Créditossereiahh / Pixabay

As reações ao resultado das últimas eleições legislativas são um excelente ponto de partida para discutirmos conceções de cultura. Tornou-se comum concluir que a votação expressiva na extrema-direita reflete a ignorância e o caráter do povo. Estas duas características parecem manifestar-se em conjunto: as pessoas são más e rancorosas porque são ignorantes e são ignorantes porque são estruturalmente incultas. Não há salvação!

Na base deste raciocínio, para além da proverbial intuição, está uma conceção de cultura que se disseminou axiomaticamente nas camadas populares. Ora, nenhuma crença, por mais profunda e espiritual que seja, nasce de geração espontânea. Esta, em particular, tem origem num elitismo que define como critério para a formação do caráter e da inteligência o acesso a objetos culturais. Falamos, sobretudo, da leitura, mas também do gosto por outras formas artísticas que aparentem, pelo menos, alguma elevação: o teatro, o cinema, a música ou as artes plásticas. Como se a fruição da arte tivesse um efeito imediato na nossa forma de ver o mundo e passássemos todos a tirar as mesmas conclusões porque fomos assistir a uma peça num equipamento da Egeac ou da Ágora pela módica quantia de 20 euros. 

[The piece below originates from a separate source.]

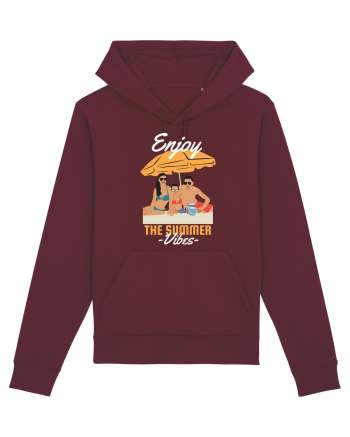 Enjoy the Summer Vibes Burgundy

Claro que tem!, dir-me-ão imediatamente os escudeiros da alta cultura, porque a cultura – a alta, claro – alimenta a mente e o espírito, porque nos faz refletir e inspira-nos para as coisas boas da humanidade: empatia, humanismo, multiculturalismo, mundo, calçar os sapatos dos outros (na tradução não fica tão bem, convenhamos), etc. Há, de resto, um manual de frases feitas e clichés que suportam esta narrativa. Frases proferidas, até, pelos próprios criadores no momento de falar sobre a sua obra. «A minha obra é sobre racismo, xenofobia, violência de género, homofobia, machismo, nacionalismo, o flagelo do ananás na pizza, a crise dos refugiados, a gentrificação e aproveito a oportunidade para deixar uma mensagem aos extremismos: não passarão!» Depois de sermos confrontados com esta verdade, não temos outra hipótese se não ir a correr votar bem. Devia, aliás, haver uma frente partidária de coisas boas e corretas para se defender, um movimento de unidade no humanismo (alguém chame o Rui Tavares!). Quem ficar do outro lado, fez a sua escolha. E assim se forma um fosso artificial entre pessoas cultas e humanistas contra pessoas estúpidas e más. 

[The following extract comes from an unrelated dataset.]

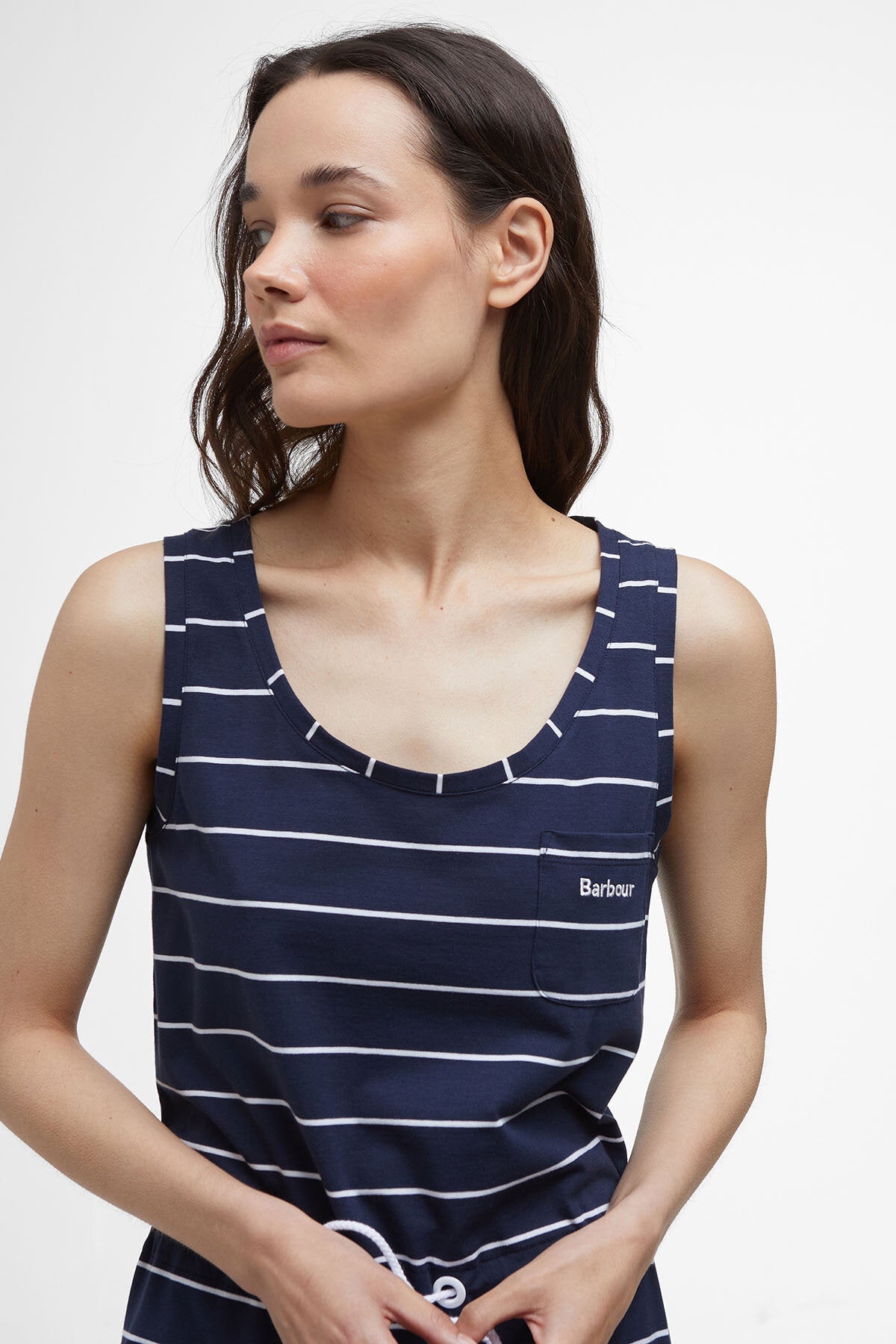 Overland Striped Midi Dress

«Tornou-se comum concluir que a votação expressiva na extrema-direita reflete a ignorância e o caráter do povo. Estas duas características parecem manifestar-se em conjunto: as pessoas são más e rancorosas porque são ignorantes e são ignorantes porque são estruturalmente incultas. Não há salvação!»

Palermices à parte, há aqui, então, um problema de conceção de cultura que precisa de ser discutido e que exige de nós um combate que se desenvolve, muitas vezes, dentro de nós próprios. É uma luta contra uma dogmática da qual nem sequer nos apercebemos. 

O grande problema ao usar a cultura como temática central da clivagem social é que só nos referimos a ela pelo lado da fruição, como se a fruição fosse finalidade, quando a criação e a produção são o elemento coletivo que rompe o individualismo e transforma o contributo de cada um numa cultura. Não é a fruição que é transformadora. No limite, ela reflete a maior ou menor democratização do acesso à cultura. Esse acesso, para ser democrático, não pode estar dependente de vários fatores que muitas vezes nem são considerados: salários, horários de trabalho, geografia, assimetrias regionais, suburbanização, equipamentos públicos ou estímulo das políticas públicas. A própria hierarquização dos fenómenos culturais, entre dinâmicas elitistas, produtos comerciais e cultura popular cria uma segmentação de classe que sugere e reflete uma barreira no acesso. A fruição é, por isso, o resultado de um conjunto de conceções anteriores sobre criação e produção cultural. 

O primeiro lugar da cultura é o espaço social. Sem um espaço comum, partilhado por todos, o indivíduo nada cria. A sua relação consigo mesmo não é suficiente porque a criação é uma manifestação da relação do universo endógeno com o universo exógeno. Sem esta relação não há comunicação com o mundo exterior. O segundo lugar da cultura são os instrumentos e as técnicas que permitem desenvolver a criação e materializá-la. O terceiro lugar da cultura é a partilha. 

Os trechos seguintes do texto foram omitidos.